O indivíduo parece descobrir que onde tem vida humana é necessário o riso, e para tal a criação de novas formas de se fazer rir, o empenho de pessoas para fazer rir. Para tornar os sofrimentos da existência, que não são poucos, suportável.

Esse é o pilar que une a medicina aos primeiros palhaços, ao primeiro riso. Pois, a medicina cuida do outro, do outro doente, fragilizado, que precisa de remédios, carinho, companhia, conforto, consolo.

Mas como o ambiente hospitalar possui regras impostas pelos processos do adoecer, do cuidado com a doença, os palhaços que vão para o hospital precisam ter conhecimento em ambas as áreas, a de fazer rir e a do cuidado com a saúde.



Afinal, é preciso olhar clínico para cuidar do corpo, mas também é fundamental o posicionamento da arte para aliviar a alma.

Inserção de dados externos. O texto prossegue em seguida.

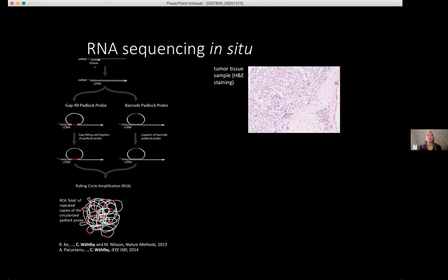When doing in situ sequencing, you want to find out what mRNAs you have in your tissue. You first do a reverse transcription to get cDNA, and then you use padlock probes. You can have two versions: either a barcoded padlock probe designed to exactly match the cDNA you're targeting, or a gap-filled probe that targets parts of the sequence with a gap in between. With the gap probe, you can fill the gap and pick up whatever single nucleotide polymorphisms you have within it.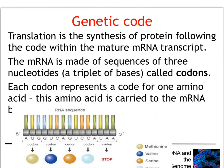If you remember before, the structure of mRNA is made up of sequences of three nucleotides. These are triplet bases called codons, and here they are on our mRNA transcript. Each codon represents a code for one amino acid, and that amino acid is carried to the mRNA by tRNA.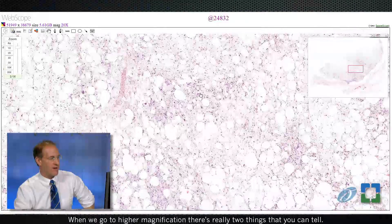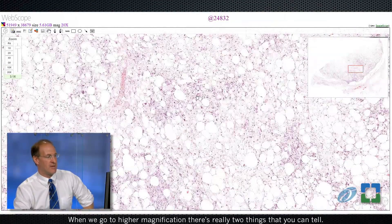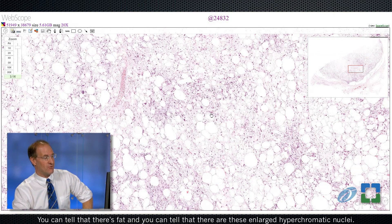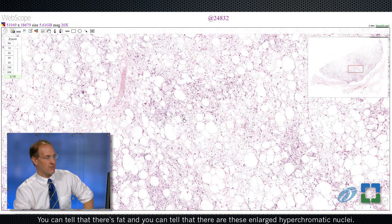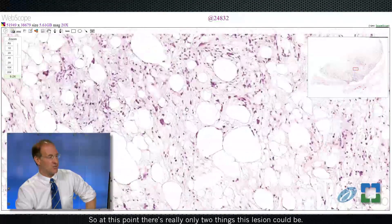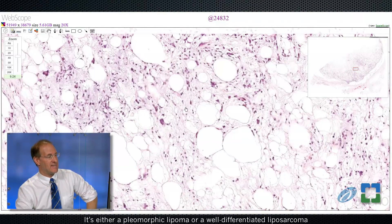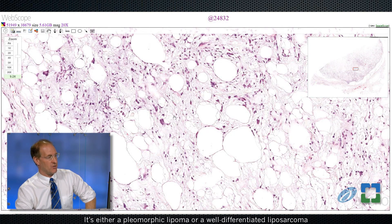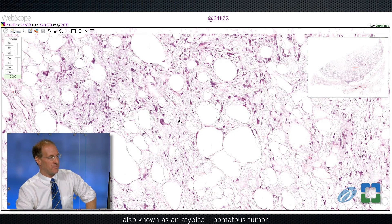When we go to higher magnification, there are really two things you can tell: there's fat, and there are these enlarged hyperchromatic nuclei. So at this point, there are really only two things this lesion could be — it's either a pleomorphic lipoma or a well-differentiated liposarcoma, also known as an atypical lipomatous tumor.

Reproduzido de Mayra Lopes
13 de mar 2009

* Mayra Lopes de Almeida Reis é Acadêmica de medicina e teologia, estudiosa de distúrbios do sono. Com formação em hipniatria, já fui instrutora de curso de primeiros socorros e pesquisadora cemiterial. Atualmente sou cientista recebendo bolsa pela FAPEMIG, ex-presidente do "Projeto Humanizarte" e da "Liga de Genética Médica e Malformações Congênitas" da FMIt. Fundadora e ex-presidente da Liga de Medicina Baseada em Evidências. Graduo-me com formação generalista, humanista, crítica e reflexiva. Buscando atuar, pautada em princípios éticos, nos processos de saúde-doença em seus diferentes níveis de atenção, com ações de promoção, prevenção, recuperação e reabilitação à saúde, na perspectiva da integralidade da assistência, com senso de responsabilidade social e compromisso com a cidadania, para assim promover a saúde integral do ser humano.